Tek-Tips is the largest IT community on the Internet today!

Members share and learn making Tek-Tips Forums the best source of peer-reviewed technical information on the Internet!

  • Congratulations gkittelson on being selected by the Tek-Tips community for having the most helpful posts in the forums last week. Way to Go!

using a 32 bit number read from a data file 2

Status
Not open for further replies.

Ghodmode

Programmer
Feb 17, 2004
177
NZ
I'm reading a data file and four of the fields are supposed to be a 32-bit, little-endian, unsigned, integer identifying the number of records in this data file.

If I look at the file in my hex editor, I can see that the "Unsigned 32-bit" value of the first of these 4 bytes is 64745. That is the number of records in the file, so I know I'm looking in the right place.

As you'll see in my code below, I am trying to print the value.
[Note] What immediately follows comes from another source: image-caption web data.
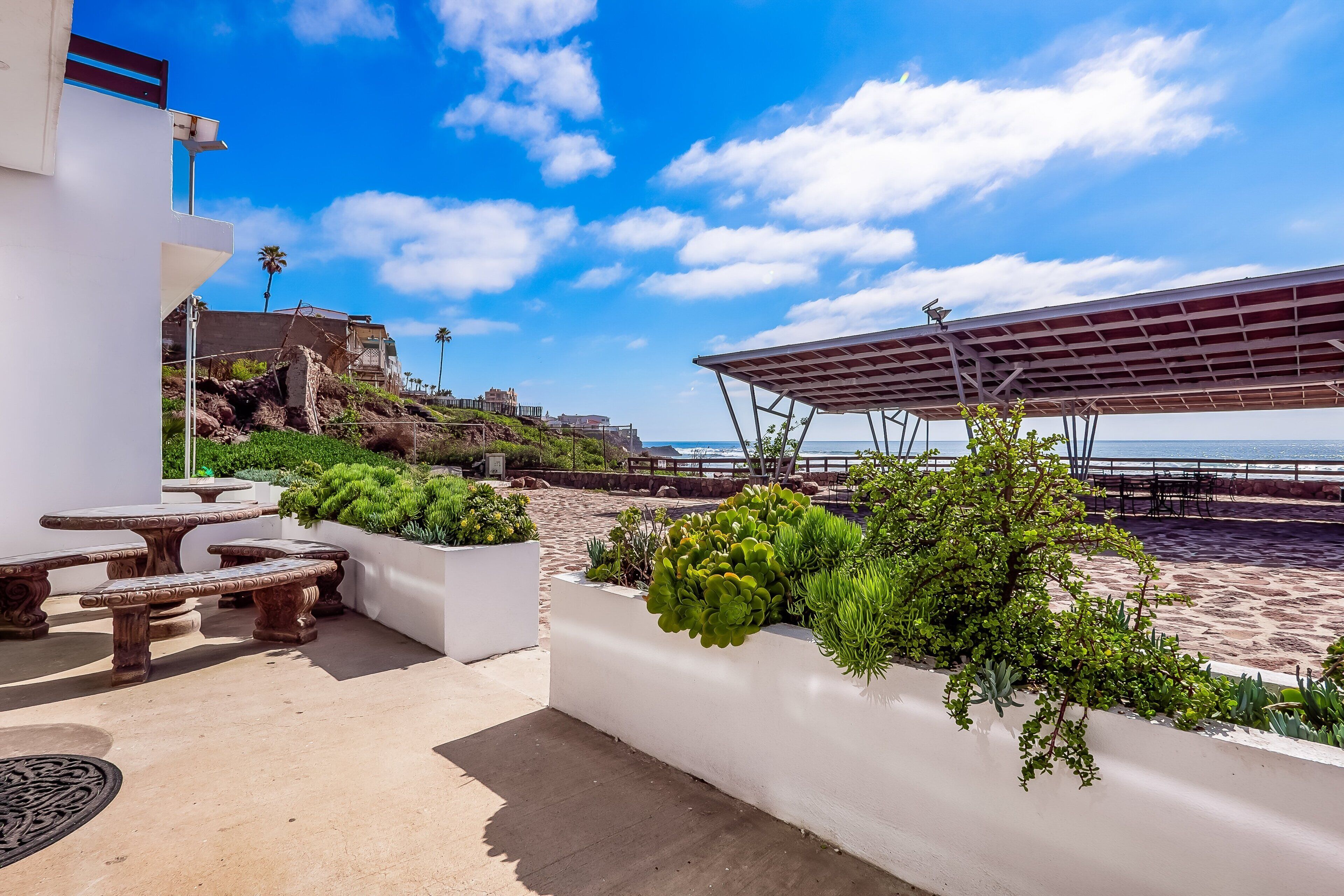 A rooftop terrace with outdoor seating, a pergola, and a view of the beach and ocean.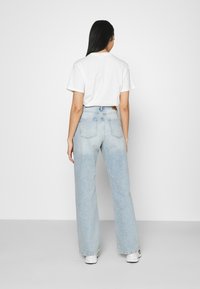 NA-KD FULL LENGTH  - Laisvo kirpimo džinsai - light blue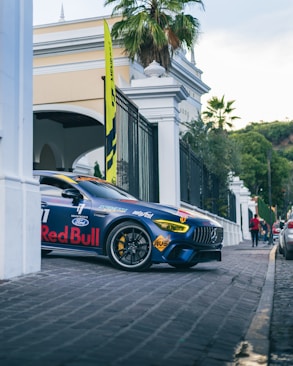 a blue sports car parked on the side of the road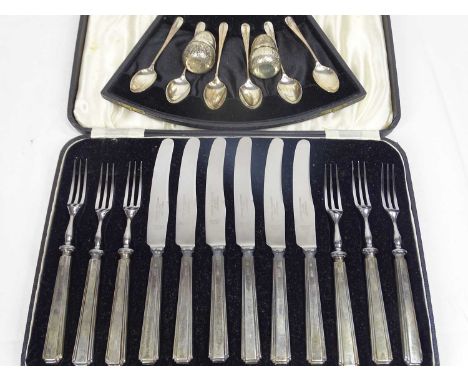 CASED SILVER FLATWARE, two sets and a pair of Continental pepper pots in the form of acorns, stamped 830S, the cased items in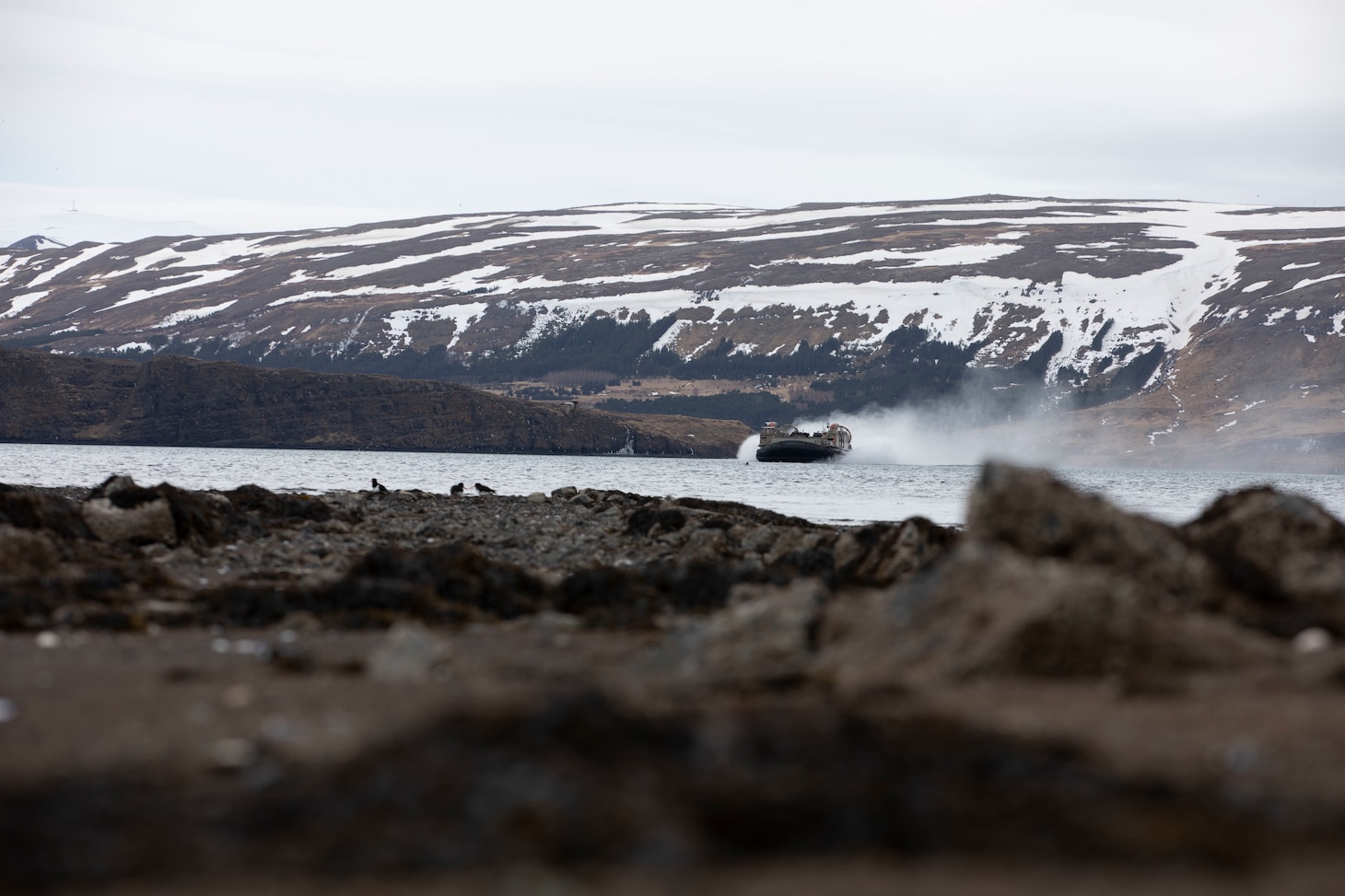 U.S. Navy Sailors assigned to the Kearsarge Amphibious Readiness Group and U.S. Marines with 22nd Marine Expeditionary Unit conduct ship-to-shore movements aboard a U.S. Navy landing craft, air cushion attached to Assault Craft Unit 4, in support of exercise Northern Viking 2022 in Miðsandur, Iceland, April 10, 2022.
This isn't strictly necessary, but I do need to use it in a for loop later in the program.

Basically, I'm reading the file like this...
Code:
long c;

while ( (c = getchar()) != EOF ) {
    /* Read the header */
    for ( i = 0; i < 32; i++ ) {
        /* ... */
        if ( (i >= 4) && (i <= 7) ) {
            printf( "Record count(%d): %i\n", i, c );
            printf( "Record count(%d): %d\n", i, c );
            printf( "Record count(%d): %g\n", i, c );
            printf( "Record count(%d): %f\n", i, c );
            printf( "Record count(%d): %x\n", i, c );
        }
        /* ... */
    }
/* do stuff with the data */
}
/* ... */

So, I'm not really getting anything useful from my [tt]printf[/tt]s, but I realize that may be a limitation of [tt]printf[/tt].
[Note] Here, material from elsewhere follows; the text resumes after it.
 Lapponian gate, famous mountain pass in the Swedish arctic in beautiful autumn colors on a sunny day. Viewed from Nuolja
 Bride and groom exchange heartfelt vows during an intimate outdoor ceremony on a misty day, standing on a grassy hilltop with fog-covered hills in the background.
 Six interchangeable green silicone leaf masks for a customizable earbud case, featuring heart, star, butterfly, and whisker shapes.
The math is my weakest area. I don't understand what "little-endian" is and my understanding of hexadecimal is pretty limited, too. I know that the right-most digit is multiplied by 1, the next one by 16, etc... I've read K&R and a few other books, but there are some parts I just don't understand.

How do I use the value effectively?

Thank you

--
-- GhodMode
 
1. getchar() reads a char from stdin (from the console or from the file redirected to console by < in cmd). Is it your data file? Aprppos, if you have a task like that (parse external files) you must learn more about internal data representation (it's not a math, it's hardware issue;).
2. Suppose we have an opened C stream:
Code:
unsigned int c; /* if sizeof(int) == 4 on your comp */
FILE* f;
f = fopen("mydatafilename","rb"); /* in binary mode */
if (!f) /* Never forget error handling */
{
   printf("*** Can\'t open file.\n");
   exit(1);
}
if (fread(&c,4,1,f) != 1)
{
   printf("*** Can't read data.\n");
   exit(2);
}
printf("%u\n",c);
/* and so on, for example, all 4 numbers: */
unsigned cc[4];
fread(cc,16,4,f); /* cc[0], cc[1] etc */
Test your comp:
Code:
unsigned c = 0xadde;
const unsigned char* p = (const unsigned char*)&c;
printf("sizeof(c) == %d; %2x%2x\n",
       (int)sizeof(c),p[0],p[1]);
If you can see
sizeof(c) == 4 dead
then you have little-endian comp with a proper int size.
Now you may use fread() as in my snippet above...
 
Why don't you just "read" 4 bytes from the stream and store it in a long by using the address of the long to hold the data?
If you need to reverse it then you might like to create a union of one long and a 4 char array to allow you to byte swap.
You could even read 1 byte at a time (maybe with your getchar) into the bytes of the union.

Code:
#include <stdio.h>

long get_long();

int main()
{
  printf("Value is %d\n", get_long());
  return 0;
}

long get_long()
{
  union number {
    long value;
    char bytes[4];
  } number;
  number.bytes[0] = getchar();
  number.bytes[1] = getchar();
  number.bytes[2] = getchar();
  number.bytes[3] = getchar();
  return number.value;
}

If the value is the wrong way round simply reverse the sequence you store the bytes.
e.g.
Code:
  number.bytes[3] = getchar();
  number.bytes[2] = getchar();
  number.bytes[1] = getchar();
  number.bytes[0] = getchar();



Trojan.
 
Thank you both for your replies so far...

ArkM:
I knew about most of the file processing details. Actually, right now, I'm testing with [tt]cat file.dat | program [/tt]. I was going to do the proper file processing code later.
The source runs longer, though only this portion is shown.